German chemicals giant Bayer is facing higher legal charges for cancer claims relating to its weedkiller Roundup and US$10.82bn for impairments on agriculture businesses, much of it related to its 2018 Monsanto acquisition, Reuters reported on 3 November.

The company said the write-downs, driven by weaker demand from farmers due to low biofuel prices, plus an increase of about US$750M in the costs of settlement terms with US plaintiffs over Roundup, had resulted in a loss before interest and tax of €9.4bn (US$11bn) in the third quarter.

Bayer is facing lawsuits over its glyphosate-based Roundup herbicide following its 2018 takeover of Monsanto for about US$63bn.

“The impact of the (coronavirus) pandemic is placing additional strain on our Crop Science Division. We are also facing negative currency effects,” Bayer chief financial officer Wolfgang Nickl was quoted as saying.

A massive depreciation of the Brazilian real was weighing heavily on business, he was reported to have said.

Bayer said it was unable to say what part of the impairment was due to legacy Monsanto businesses, saying only that two-thirds of the write-downs were due to currency and interest rate effects.

On 30 September, the company had predicted impairment charges would be in the mid to high-single-digit billions euros range on agricultural assets and had warned of a slight decline in 2021 core earnings per share, Reuters said.

Bayer had agreed a US$11bn Roundup outline agreement with US plaintiffs’ lawyers in June. However, a judge had taken issue with a side arrangement on future cases that might yet be lodged, known as a class plan.

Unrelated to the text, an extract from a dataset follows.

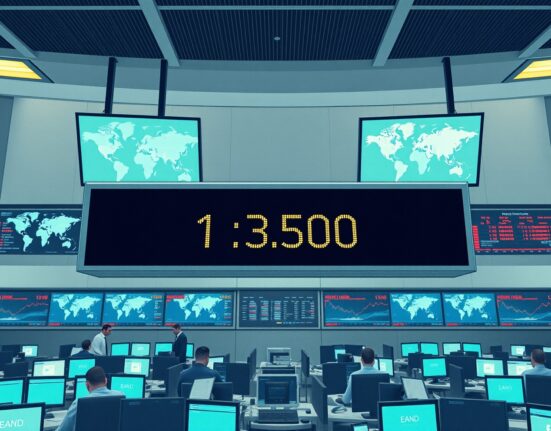 GBP/USD exchange rate at 1.3500 amid Hormuz tensions affecting currency markets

On 3 November, the company said addressing those concerns would prove to be about US$750M more costly.

Bayer said it was ‘far enough along in the negotiations to know that the new plan will come in at approximately US$2bn, an increase over the original cost of US$1.25bn.’

“This situation confirms our belief that Crop Science is a business with low visibility,” Jean-Jacques Le Fur, an analyst at brokerage Bryan Garnier, was quoted by Reuters as saying.

The charges had more than offset combined gains during the quarter from the sale of Bayer’s Animal Health business to Elanco and the divestment of a stake in industrial park operator Currenta of €5bn (US$5.9bn).

That had resulted in a net loss of €2.7bn (US$3.1bn) compared with an average analyst projection of €1bn (US$1.2bn) in net income.

Bayer said that 88,500 of the 125,000 glyphosate claims in the class settlement had been agreed in principle and that it was hoping to make considerable progress over the next few months.